The Eurovision Song Contest is one of the yearly events heavily subsidised by the BBC. The fruit of this labour: Being made a loser and more often than not with zero points to add ridicule to the shame. Lord Lloyd Webber must have been in his cups when he accepted this assignment.
Like Christmas, the Eurovision Song Contest comes to us every year with a certainty. Like Christmas, it promises us so much. Like Christmas, it usually doesn’t live up to expectation. And like Christmas, it ends with a hangover. But also like Christmas, the preparations and discussions on it start much too early.
The Eurovision Song Contest started out as a singer and songwriter contest in 1954, for people who could sing and write songs. It turned into a multimillion Euro festival with show acts from all over Europe. It is therefore debatable, if quality has anything to do with it anymore. But the important thing about it is that the viewers are giving away the crown to the winner. That also is a change from the early days, when there were juries in every country giving points to the song to find the best or whatever.
The reading out of these points, now democratically distributed, is taking longer in modern Europe than the show itself; there are so many new countries all of a sudden. And they have definitely changed the contest once again. The change this time is not in the quality of singers or song texts, though personally I think the quality has gone up over the level reached in the eighties, but in the possibilities to win this contest.

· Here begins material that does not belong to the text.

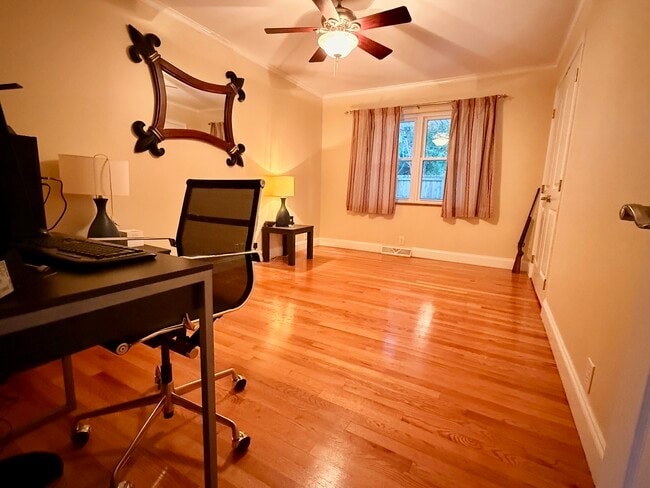 5200 Skyline Dr in Knoxville, TN - Building Photo - Building Photo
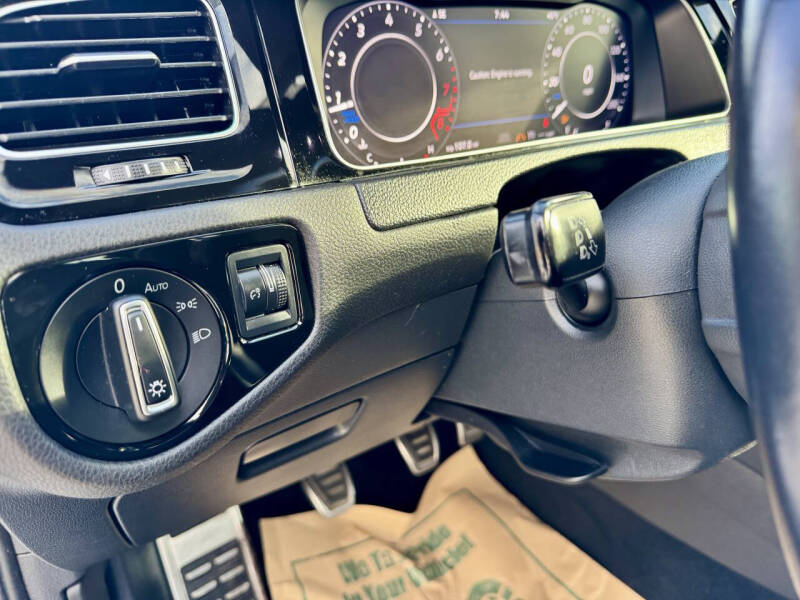 2019 Volkswagen Golf R 4Motion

Up to the point where the eastern European countries joined in the fun, it had been a fairly even affair, with the noted tendency that countries gave points rather to their neighbours than farther off, and that the northern countries tended to give the best placements to the other northern countries. But that was small fry and everybody could win no matter if it was one of the Big Four United Kingdom, France, Spain, and Germany who defray the costs of the contest, or one of the small ones.
In recent years, the Big Four have more than once had the infamous zero points marker and western small countries more often than not didn’t even reach the finals. This has to do with the new eastern countries which have a tendency to cross-adjudge their points to each other rather than to western countries whose music must sound exceedingly dull to them.
Switzerland tried it once with taking up an eastern European band, Vanilla Ninja, and succeeded with that to 6thplace. But another year, when they sent out the biggest Swiss music export, DJ Bobo, the final was gloriously missed, even though Bobo had only just returned from an eastern tour which had been sold out.
Now Britain, after too many zeros, has taken up the big gun and asked Andrew Lloyd Webber to write the song for next year’s contest. I wouldn’t dare t doubt the tipsy Lord’s ability to write good musicals, quite apart from his beautiful Requiem. But I doubt that he can get the kind of music to paper that goes for the contest. And if he does, I doubt it will make a difference. Zero points again, let’s face it.
If the BBC would dare to get one of the eastern pop stars to perform the music of Lloyd Webber, then maybe there would be a chance of success. Instead we are looking forward to a further boring competition of indifferent singers to find the one who will perform and fail. Gloriously failing in lost causes was attributed to Oxford only; does it have to be the whole country now, year after year?
Maybe we should take the chance of the slump for a bailout, and bail out of the Eurovision Song Contest completely. Other countries are considering it, so why not we? We could put the moneys going into the contest every year perfectly well to some better programs that are less boring.